• _Short web captions_:
•••
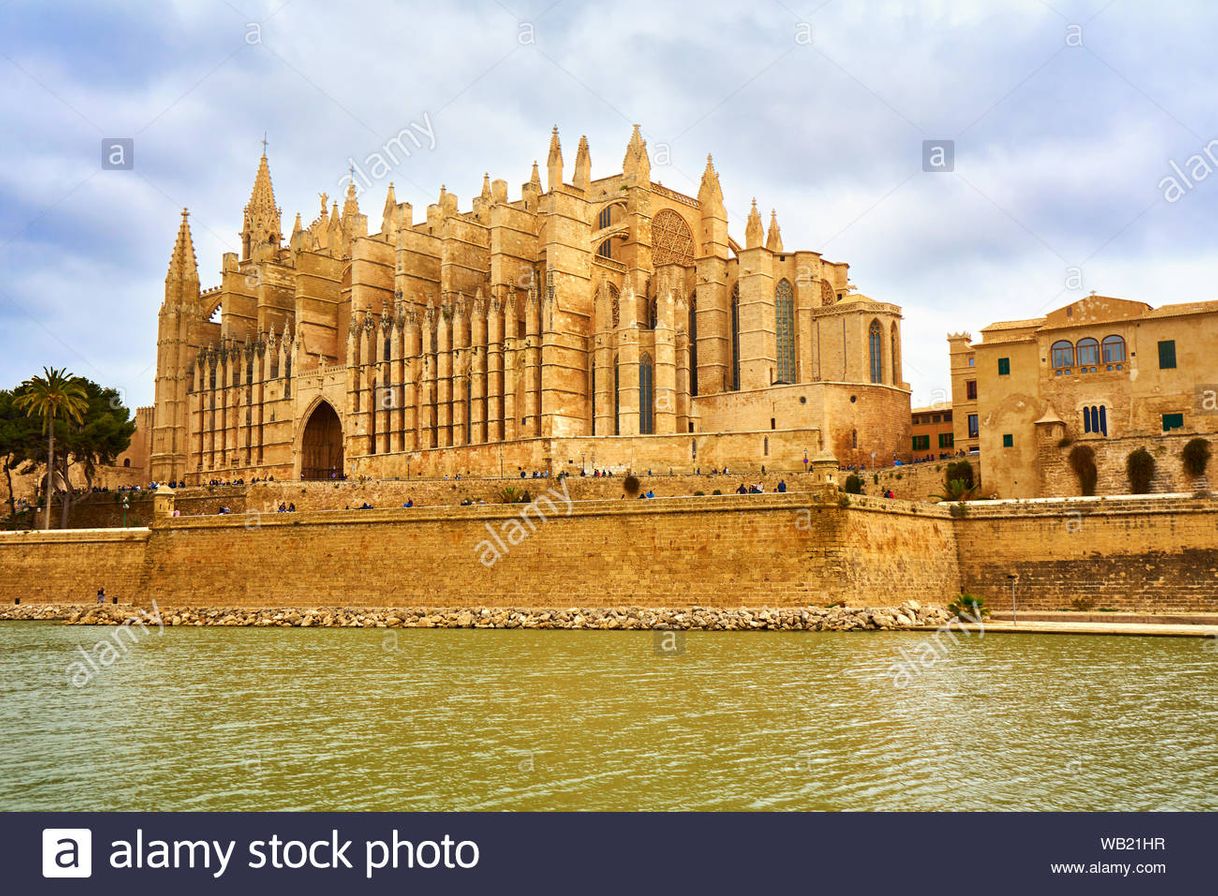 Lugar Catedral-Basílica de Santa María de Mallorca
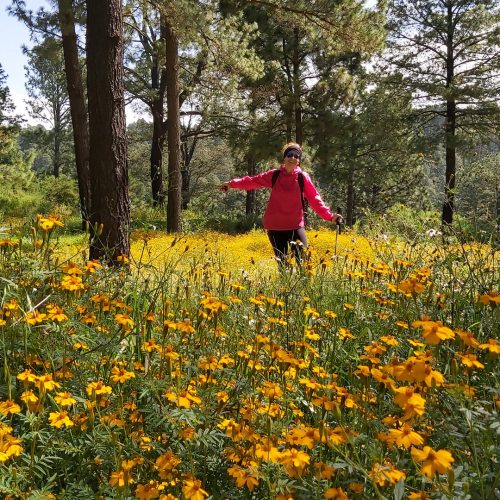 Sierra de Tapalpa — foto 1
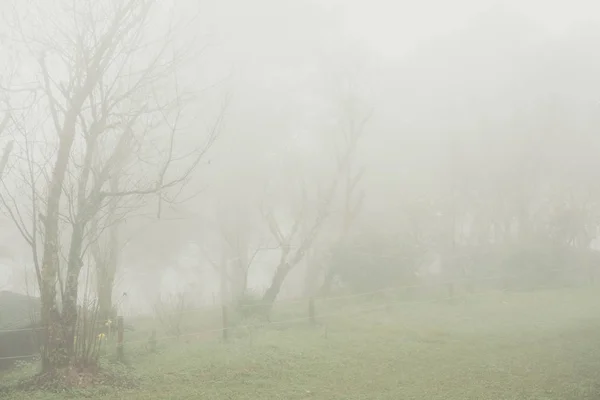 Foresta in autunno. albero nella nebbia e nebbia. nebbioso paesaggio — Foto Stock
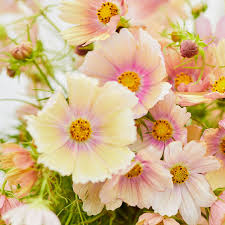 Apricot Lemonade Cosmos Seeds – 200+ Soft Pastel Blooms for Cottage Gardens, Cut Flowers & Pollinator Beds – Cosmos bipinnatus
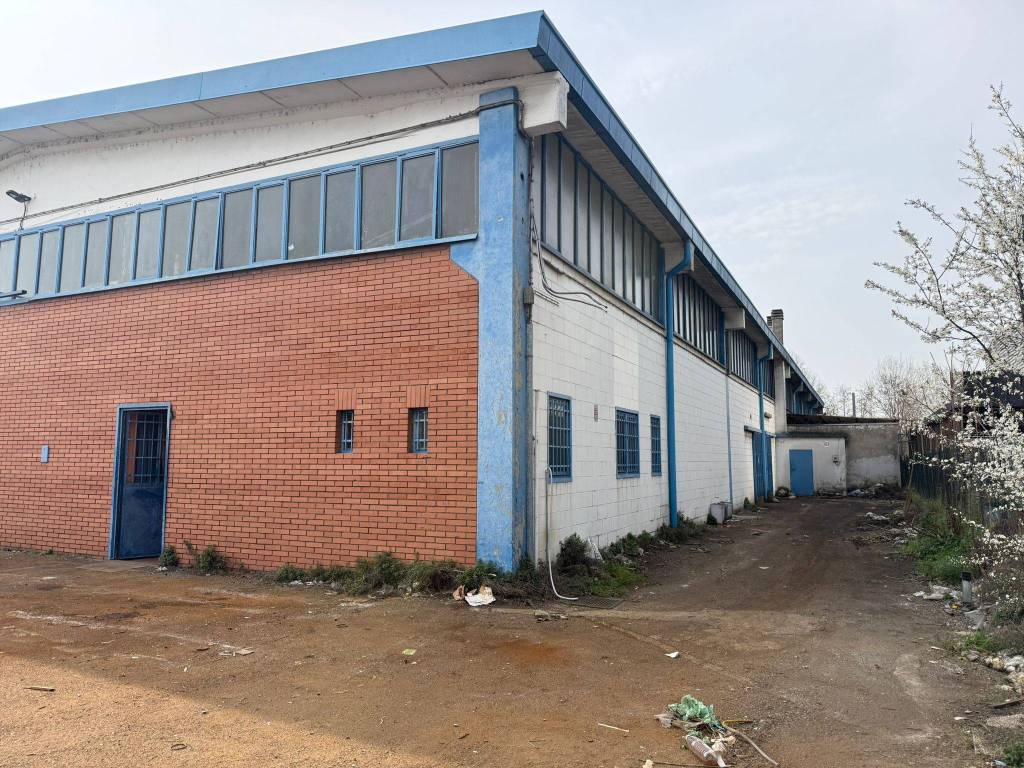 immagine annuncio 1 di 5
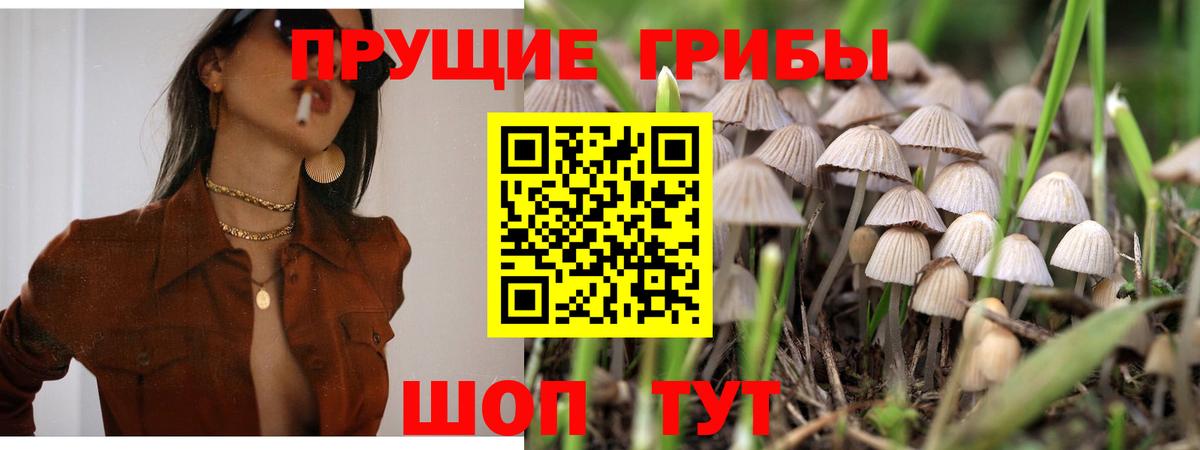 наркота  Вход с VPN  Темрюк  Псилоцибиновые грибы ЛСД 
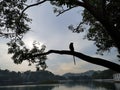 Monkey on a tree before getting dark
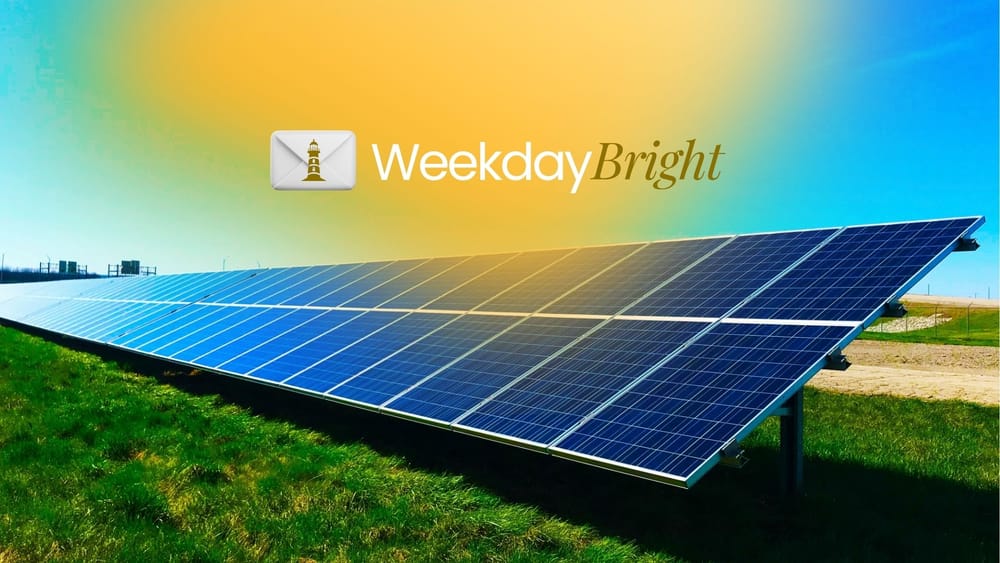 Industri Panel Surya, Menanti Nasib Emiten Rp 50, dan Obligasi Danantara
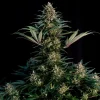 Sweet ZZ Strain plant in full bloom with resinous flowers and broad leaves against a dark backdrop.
•••
• _What the exercise asks_: Please output all the data exactly as given, with the pictures omitted.

• _Exercise solution_:
 Lugar Catedral-Basílica de Santa María de Mallorca
 Sierra de Tapalpa — foto 1
 Foresta in autunno. albero nella nebbia e nebbia. nebbioso paesaggio — Foto Stock
 Apricot Lemonade Cosmos Seeds – 200+ Soft Pastel Blooms for Cottage Gardens, Cut Flowers & Pollinator Beds – Cosmos bipinnatus
 immagine annuncio 1 di 5
 наркота  Вход с VPN  Темрюк  Псилоцибиновые грибы ЛСД 
 Monkey on a tree before getting dark
 Industri Panel Surya, Menanti Nasib Emiten Rp 50, dan Obligasi Danantara
 Sweet ZZ Strain plant in full bloom with resinous flowers and broad leaves against a dark backdrop.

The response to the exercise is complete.